Research

We apply a broad range of molecular biology, structural biology, and bio-imaging methods in our research. Cryogenic transmission electron microscopy (cryo-EM) is a versatile method for structural studies of small proteins, large complexes, viruses, and even organelles or sections of cells. Determining the detailed structures of different cellular components contributes to understanding of their basic functions and how these functions are impaired in disease.

Here you can find more about our current research projects. Please feel free to come and talk to us about potential collaborations. We are also constantly considering new members to join our growing team. 
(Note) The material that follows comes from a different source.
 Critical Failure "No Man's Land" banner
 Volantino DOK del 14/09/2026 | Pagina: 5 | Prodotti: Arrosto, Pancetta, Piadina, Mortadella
Endogenous levels of protein expression are often too low for traditional structural methods. We focus on the development of methods that allow both endogenous tagging of target complexes as well as specific capture of tagged target proteins directly on cryo electron microscopy grids. These methods facilitate structure determination without overexpression and enable characterisation of rare and fragile complexes directly from native sources.

This project is funded by the Academy of Finland consortium grant (SEMMA) and is a collaboration with Aalto University. 

Membrane trafficking involves several processes mediating the transport of cargo within cellular vesicles. This transport can take place between different organelles including the endoplasmic reticulum (ER), the Golgi complex, endosomes, lysosomes, and autophagosomes in the same cell, or across the cell membrane to the adjacent cells. Our research aims at addressing key molecular mechanisms in vesicular transport by cryogenic electron microscopy (cryo-EM) to determine how cargo can be transported within different vesicles among different organelles, how the vesicles are formed and regulated, and how mutations affect these mechanisms.

The project (CellCargo) is funded by Jane and Aatos Erkko Foundation.

Computational cryo-EM methods are best suited for solving  structures of macromolecular complexes that have high-symmetry and regular structures. We develop new tools to address structures with inherent flexibility and mismatches in symmetry. Such structures include many key cellular components as well as viruses and virus–receptor and virus–antibody complexes. 

We are taking advantage of CRISPR genome editing to tag endogenous proteins and especially membrane proteins for purification and detection. We are applying (correlative) light microscopy and cryogenic electron microscopy (both single particle and and tomography) to decipher in situ structural organizations of these proteins on the plasma membrane and further to gain mechanistic insight into the underlying molecular mechanism of inter-cellular transport.

The project is funded by Sigrid Juselius Foundation.